Weihnachtsshopping läuft auf Hochtouren

Der Black Friday gilt – vor allem in den USA –als Startschuss für Weihnachtseinkäufe. Der Erfolg lässt sich an den Zahlen ablesen: Online wurden rekordhohe 9.8 Milliarden US-Dollar umgesetzt, was einer Zunahme von 7.5% gegenüber dem Vorjahr entspricht. Bereits an Thanksgiving wurde online für 5.6 Milliarden US-Dollar eingekauft. Schätzungen gehen davon aus, dass am darauffolgenden Wochenende und am Cyber Monday nochmals für rund 22 Milliarden US-Dollar geshoppt wurde. Damit zerstreut der US-Konsument etwelche Zweifel, dass er aufgrund von Inflation und gestiegenen Zinsen in der Bredouille steckt. Dennoch ist zu beachten, dass die Umsätze zwar zugelegt haben, wegen der Teuerung aber weniger Produkte gekauft wurden.  

 

Charlie Munger ist tot

Warren Buffetts Geschäftspartner, Charlie Munger, ist am vergangenen Dienstag im Alter von 99 Jahren verstorben. Obwohl er für viele im Schatten von Warren Buffett stand, spielte er eine zentrale Rolle.
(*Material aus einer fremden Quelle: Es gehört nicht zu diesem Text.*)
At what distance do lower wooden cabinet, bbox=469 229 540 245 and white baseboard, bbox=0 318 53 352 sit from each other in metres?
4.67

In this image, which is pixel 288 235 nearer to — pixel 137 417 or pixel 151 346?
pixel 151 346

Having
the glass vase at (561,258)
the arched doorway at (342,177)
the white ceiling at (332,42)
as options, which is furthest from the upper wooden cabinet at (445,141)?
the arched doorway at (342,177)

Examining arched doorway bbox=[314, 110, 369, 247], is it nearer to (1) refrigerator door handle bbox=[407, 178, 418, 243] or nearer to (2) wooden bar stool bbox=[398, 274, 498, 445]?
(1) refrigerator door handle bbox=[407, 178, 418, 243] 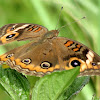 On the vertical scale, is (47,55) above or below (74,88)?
above

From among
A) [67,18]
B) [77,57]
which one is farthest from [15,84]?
[67,18]

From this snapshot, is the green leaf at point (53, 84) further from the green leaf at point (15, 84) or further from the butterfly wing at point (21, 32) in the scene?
the butterfly wing at point (21, 32)

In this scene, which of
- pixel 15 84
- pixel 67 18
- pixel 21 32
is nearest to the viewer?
pixel 15 84

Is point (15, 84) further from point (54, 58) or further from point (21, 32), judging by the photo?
point (21, 32)

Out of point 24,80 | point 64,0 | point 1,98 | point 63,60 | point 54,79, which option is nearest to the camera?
point 54,79

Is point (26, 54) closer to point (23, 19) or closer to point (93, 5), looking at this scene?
point (93, 5)

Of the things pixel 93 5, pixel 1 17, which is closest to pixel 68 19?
pixel 93 5

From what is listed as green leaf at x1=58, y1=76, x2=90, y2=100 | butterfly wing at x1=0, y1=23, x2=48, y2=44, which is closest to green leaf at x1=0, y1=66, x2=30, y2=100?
green leaf at x1=58, y1=76, x2=90, y2=100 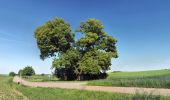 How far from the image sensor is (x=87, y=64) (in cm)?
6412

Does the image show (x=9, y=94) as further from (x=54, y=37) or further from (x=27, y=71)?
(x=27, y=71)

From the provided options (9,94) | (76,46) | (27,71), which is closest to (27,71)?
(27,71)

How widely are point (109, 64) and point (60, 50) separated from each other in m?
11.4

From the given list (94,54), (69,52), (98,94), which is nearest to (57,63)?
(69,52)

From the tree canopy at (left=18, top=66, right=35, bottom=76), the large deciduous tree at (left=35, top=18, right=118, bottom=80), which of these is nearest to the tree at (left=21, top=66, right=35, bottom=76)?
the tree canopy at (left=18, top=66, right=35, bottom=76)

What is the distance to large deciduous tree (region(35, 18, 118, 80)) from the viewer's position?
216 ft

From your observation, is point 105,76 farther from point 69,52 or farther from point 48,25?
point 48,25

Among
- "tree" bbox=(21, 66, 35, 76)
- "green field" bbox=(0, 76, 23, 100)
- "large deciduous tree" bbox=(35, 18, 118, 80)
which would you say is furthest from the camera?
"tree" bbox=(21, 66, 35, 76)

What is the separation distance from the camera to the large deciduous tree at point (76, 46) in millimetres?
65750

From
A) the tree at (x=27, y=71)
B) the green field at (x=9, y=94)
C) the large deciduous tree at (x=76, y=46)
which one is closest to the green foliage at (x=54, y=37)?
the large deciduous tree at (x=76, y=46)

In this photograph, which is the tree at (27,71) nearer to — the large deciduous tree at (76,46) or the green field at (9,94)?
the large deciduous tree at (76,46)

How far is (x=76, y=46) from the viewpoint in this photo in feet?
229

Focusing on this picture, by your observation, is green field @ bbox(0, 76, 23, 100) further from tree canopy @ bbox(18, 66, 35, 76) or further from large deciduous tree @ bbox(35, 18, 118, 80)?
tree canopy @ bbox(18, 66, 35, 76)

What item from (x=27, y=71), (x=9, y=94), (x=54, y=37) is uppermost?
(x=54, y=37) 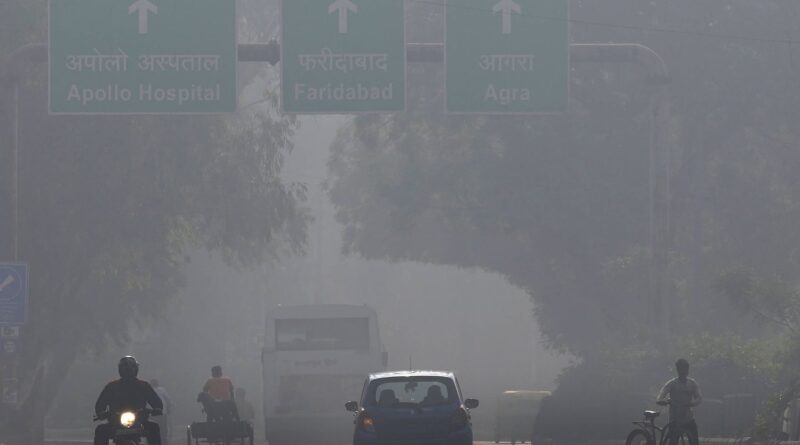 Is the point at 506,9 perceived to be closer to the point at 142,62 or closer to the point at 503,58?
the point at 503,58

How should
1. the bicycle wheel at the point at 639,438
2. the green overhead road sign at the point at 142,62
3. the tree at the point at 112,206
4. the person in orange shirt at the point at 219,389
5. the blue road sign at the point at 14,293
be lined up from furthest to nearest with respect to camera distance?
the tree at the point at 112,206
the person in orange shirt at the point at 219,389
the blue road sign at the point at 14,293
the green overhead road sign at the point at 142,62
the bicycle wheel at the point at 639,438

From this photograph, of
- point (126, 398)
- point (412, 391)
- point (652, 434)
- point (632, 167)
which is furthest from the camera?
point (632, 167)

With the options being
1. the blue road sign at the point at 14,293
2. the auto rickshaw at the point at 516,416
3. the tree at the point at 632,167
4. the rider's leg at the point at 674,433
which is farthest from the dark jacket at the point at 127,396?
the tree at the point at 632,167

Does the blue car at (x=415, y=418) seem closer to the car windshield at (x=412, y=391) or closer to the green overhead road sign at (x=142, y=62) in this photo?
the car windshield at (x=412, y=391)

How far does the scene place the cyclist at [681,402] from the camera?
17609mm

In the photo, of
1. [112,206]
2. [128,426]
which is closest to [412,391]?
[128,426]

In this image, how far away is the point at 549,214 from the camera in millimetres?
41469

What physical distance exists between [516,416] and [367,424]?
17.6m

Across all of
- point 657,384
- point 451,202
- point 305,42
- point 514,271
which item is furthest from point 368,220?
point 305,42

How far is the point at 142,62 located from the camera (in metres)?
21.8

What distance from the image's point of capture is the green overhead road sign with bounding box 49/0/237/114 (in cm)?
2172

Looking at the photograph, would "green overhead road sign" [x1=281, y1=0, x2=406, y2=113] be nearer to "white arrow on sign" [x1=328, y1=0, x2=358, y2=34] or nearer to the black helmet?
"white arrow on sign" [x1=328, y1=0, x2=358, y2=34]

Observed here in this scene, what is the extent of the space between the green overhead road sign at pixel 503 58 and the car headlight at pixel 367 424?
17.7ft

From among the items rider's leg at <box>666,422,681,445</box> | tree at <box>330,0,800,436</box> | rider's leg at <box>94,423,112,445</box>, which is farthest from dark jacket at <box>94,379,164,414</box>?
tree at <box>330,0,800,436</box> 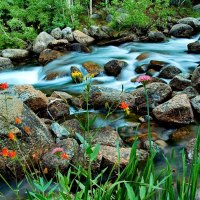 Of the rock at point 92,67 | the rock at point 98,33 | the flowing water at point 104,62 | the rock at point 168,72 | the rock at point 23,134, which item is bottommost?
the flowing water at point 104,62

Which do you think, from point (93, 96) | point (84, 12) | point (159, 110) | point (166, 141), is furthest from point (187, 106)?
point (84, 12)

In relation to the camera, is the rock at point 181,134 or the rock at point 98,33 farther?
the rock at point 98,33

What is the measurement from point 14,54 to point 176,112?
8205 mm

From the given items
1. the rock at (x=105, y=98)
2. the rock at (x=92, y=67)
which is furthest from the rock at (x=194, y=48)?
the rock at (x=105, y=98)

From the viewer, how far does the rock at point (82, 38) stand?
1439 cm

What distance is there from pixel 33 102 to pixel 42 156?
2.15 metres

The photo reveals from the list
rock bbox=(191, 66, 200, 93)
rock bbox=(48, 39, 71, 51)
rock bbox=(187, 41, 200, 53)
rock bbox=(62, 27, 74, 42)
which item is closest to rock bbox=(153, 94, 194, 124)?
rock bbox=(191, 66, 200, 93)

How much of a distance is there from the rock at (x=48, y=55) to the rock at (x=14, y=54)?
87 cm

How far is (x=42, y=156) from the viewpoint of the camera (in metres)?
4.55

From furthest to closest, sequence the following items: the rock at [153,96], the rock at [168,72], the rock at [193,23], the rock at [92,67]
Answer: the rock at [193,23] < the rock at [92,67] < the rock at [168,72] < the rock at [153,96]

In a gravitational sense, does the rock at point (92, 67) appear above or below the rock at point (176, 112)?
below

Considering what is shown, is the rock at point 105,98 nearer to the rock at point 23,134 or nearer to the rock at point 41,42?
the rock at point 23,134

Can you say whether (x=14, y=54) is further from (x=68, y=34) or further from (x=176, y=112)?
(x=176, y=112)

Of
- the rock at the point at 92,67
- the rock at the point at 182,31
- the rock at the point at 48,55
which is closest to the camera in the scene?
the rock at the point at 92,67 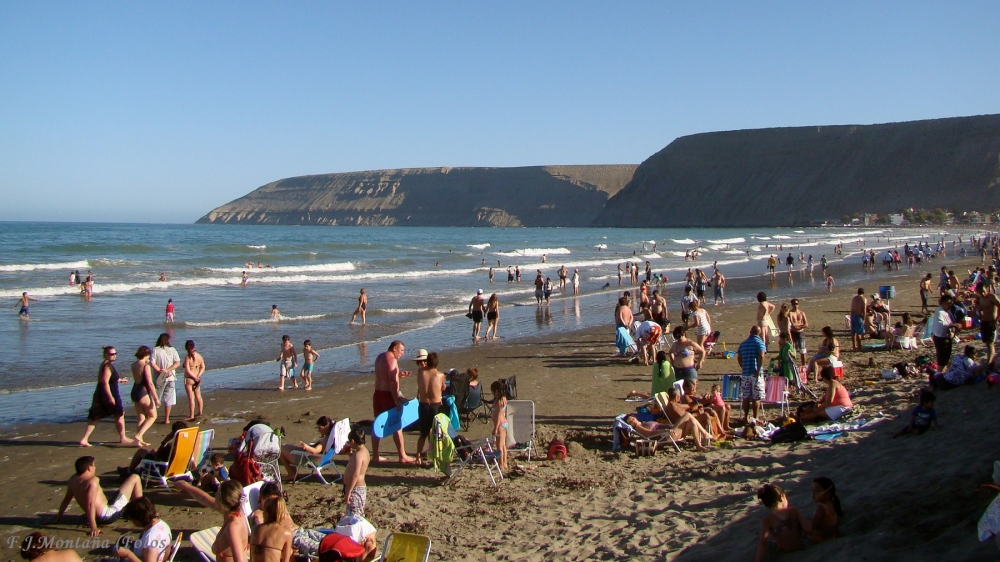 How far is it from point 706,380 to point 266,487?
7948 millimetres

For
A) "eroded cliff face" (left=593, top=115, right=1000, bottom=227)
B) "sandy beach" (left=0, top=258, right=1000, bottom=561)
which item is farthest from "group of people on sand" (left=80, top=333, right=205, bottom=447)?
"eroded cliff face" (left=593, top=115, right=1000, bottom=227)

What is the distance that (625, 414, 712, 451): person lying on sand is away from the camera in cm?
793

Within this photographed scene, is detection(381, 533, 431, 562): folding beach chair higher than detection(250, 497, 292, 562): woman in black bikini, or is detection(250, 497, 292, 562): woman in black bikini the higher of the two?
detection(250, 497, 292, 562): woman in black bikini

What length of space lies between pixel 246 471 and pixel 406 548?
2.14 m

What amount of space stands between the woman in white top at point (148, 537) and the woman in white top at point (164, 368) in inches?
170

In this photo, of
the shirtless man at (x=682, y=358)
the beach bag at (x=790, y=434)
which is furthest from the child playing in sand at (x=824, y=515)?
the shirtless man at (x=682, y=358)

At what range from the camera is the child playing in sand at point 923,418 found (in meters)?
6.96

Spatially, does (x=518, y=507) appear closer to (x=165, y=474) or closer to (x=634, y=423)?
(x=634, y=423)

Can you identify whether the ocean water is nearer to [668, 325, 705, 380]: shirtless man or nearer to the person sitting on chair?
[668, 325, 705, 380]: shirtless man

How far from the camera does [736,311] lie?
68.1 ft

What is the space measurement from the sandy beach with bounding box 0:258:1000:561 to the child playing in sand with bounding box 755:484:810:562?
0.10m

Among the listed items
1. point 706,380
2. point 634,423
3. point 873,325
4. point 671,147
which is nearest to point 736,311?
point 873,325

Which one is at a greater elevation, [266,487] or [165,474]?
[266,487]

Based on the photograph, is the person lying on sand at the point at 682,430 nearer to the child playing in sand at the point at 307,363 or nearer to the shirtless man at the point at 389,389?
the shirtless man at the point at 389,389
So soll er die treibende Kraft hinter dem Einstieg in den Technologiesektor gewesen sein. Apple ist mittlerweile die grösste Position im Portfolio ihres Anlagevehikels Berkshire Hathaway. Was sie neben einer Freundschaft aus Jugendzeiten verbunden hat, ist die Anlagephilosophie des «Value Investing» von Benjamin Graham.